One array (g_score) will tell you the real lowest traveled distance between the starting node and the specified node. For example, g_score["hidden"] will return the lowest weighted cost to travel from 'black' to 'hidden'.
The other array (f_score) will tell you the supposed distance between the node you specified to the goal you want to reach. For example, f_score["snug"] will return the supposed weighted cost to travel from "snug" to "white" using the heuristic function. Remember, this cost will always be less or equal the real cost to travel between words, since our heuristic function need to respect the aforementioned rule.
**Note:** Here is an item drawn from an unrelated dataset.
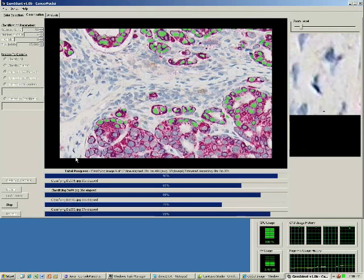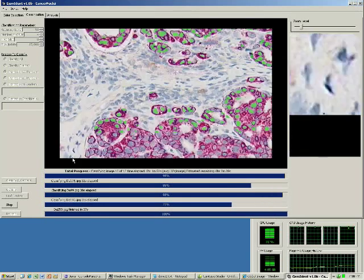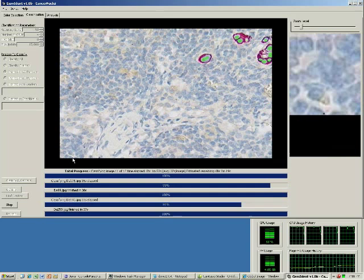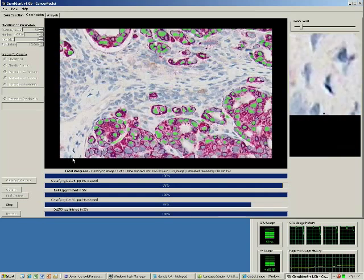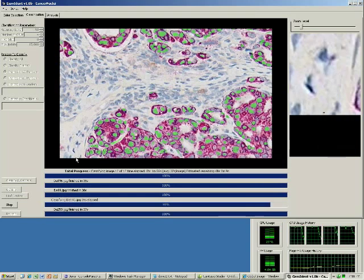The find centers button will do blob analysis to try and locate the centers of the cancer nuclei. This feature will be demonstrated shortly. Let's wait for the identification to complete.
As the algorithm runs, you will be traveling from node to node, from the starting word, saving all the nodes you traveled and the costs you "used" to travel. You will be replacing the traveled path when you find a better cost to travel on the g_score array. You will use the f_score to predict which node will be best visited first, from the array of 'unvisited' nodes. It's best if you save your f_score as a minimum Heap.
You will end the algorithm when you find the node that is the goal that you want. Then you will reconstruct the minimum path using the array of nodes visited that you kept saving at each iteration. Another way the algorithm will stop is if it visited all neighbor nodes and didn't find the goal. When this happens, you can say there is no path from the starting node to the goal.
This algorithm is the most used on games to find the better path between two objects on a 3D world. To improve it, you just need to create a better heuristic function, that can let the algorithm find the better nodes to travel first, leding it to the goal faster.
-- 7f
Here's a closely related question and answer: Algorithm to find multiple short paths
There you can see comments about Dijkstra's and A-star, Dinic's, but more broadly also the idea of maximum flow and minimum cost flow.